Retype all of the data that follows, line for line.

Source material:
*** Block opens ***
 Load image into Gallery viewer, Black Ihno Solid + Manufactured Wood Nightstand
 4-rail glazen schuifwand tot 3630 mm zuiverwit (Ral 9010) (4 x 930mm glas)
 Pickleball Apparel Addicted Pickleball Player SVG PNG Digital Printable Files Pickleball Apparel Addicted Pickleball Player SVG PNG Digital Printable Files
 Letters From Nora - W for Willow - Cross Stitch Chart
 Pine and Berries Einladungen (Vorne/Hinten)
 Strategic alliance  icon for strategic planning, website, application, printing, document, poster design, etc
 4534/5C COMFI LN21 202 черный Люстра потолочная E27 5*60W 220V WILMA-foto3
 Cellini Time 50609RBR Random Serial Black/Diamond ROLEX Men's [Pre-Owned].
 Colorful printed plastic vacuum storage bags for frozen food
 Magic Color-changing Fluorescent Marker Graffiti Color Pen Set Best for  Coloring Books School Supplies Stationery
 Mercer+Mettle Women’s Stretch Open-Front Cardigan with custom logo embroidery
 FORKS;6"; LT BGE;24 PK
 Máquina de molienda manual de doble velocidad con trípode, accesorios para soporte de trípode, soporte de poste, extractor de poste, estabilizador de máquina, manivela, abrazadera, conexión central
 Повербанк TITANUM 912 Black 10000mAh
*** Block closes ***
Answer area:
 Load image into Gallery viewer, Black Ihno Solid + Manufactured Wood Nightstand
 4-rail glazen schuifwand tot 3630 mm zuiverwit (Ral 9010) (4 x 930mm glas)
 Pickleball Apparel Addicted Pickleball Player SVG PNG Digital Printable Files Pickleball Apparel Addicted Pickleball Player SVG PNG Digital Printable Files
 Letters From Nora - W for Willow - Cross Stitch Chart
 Pine and Berries Einladungen (Vorne/Hinten)
 Strategic alliance  icon for strategic planning, website, application, printing, document, poster design, etc
 4534/5C COMFI LN21 202 черный Люстра потолочная E27 5*60W 220V WILMA-foto3
 Cellini Time 50609RBR Random Serial Black/Diamond ROLEX Men's [Pre-Owned].
 Colorful printed plastic vacuum storage bags for frozen food
 Magic Color-changing Fluorescent Marker Graffiti Color Pen Set Best for  Coloring Books School Supplies Stationery
 Mercer+Mettle Women’s Stretch Open-Front Cardigan with custom logo embroidery
 FORKS;6"; LT BGE;24 PK
 Máquina de molienda manual de doble velocidad con trípode, accesorios para soporte de trípode, soporte de poste, extractor de poste, estabilizador de máquina, manivela, abrazadera, conexión central
 Повербанк TITANUM 912 Black 10000mAh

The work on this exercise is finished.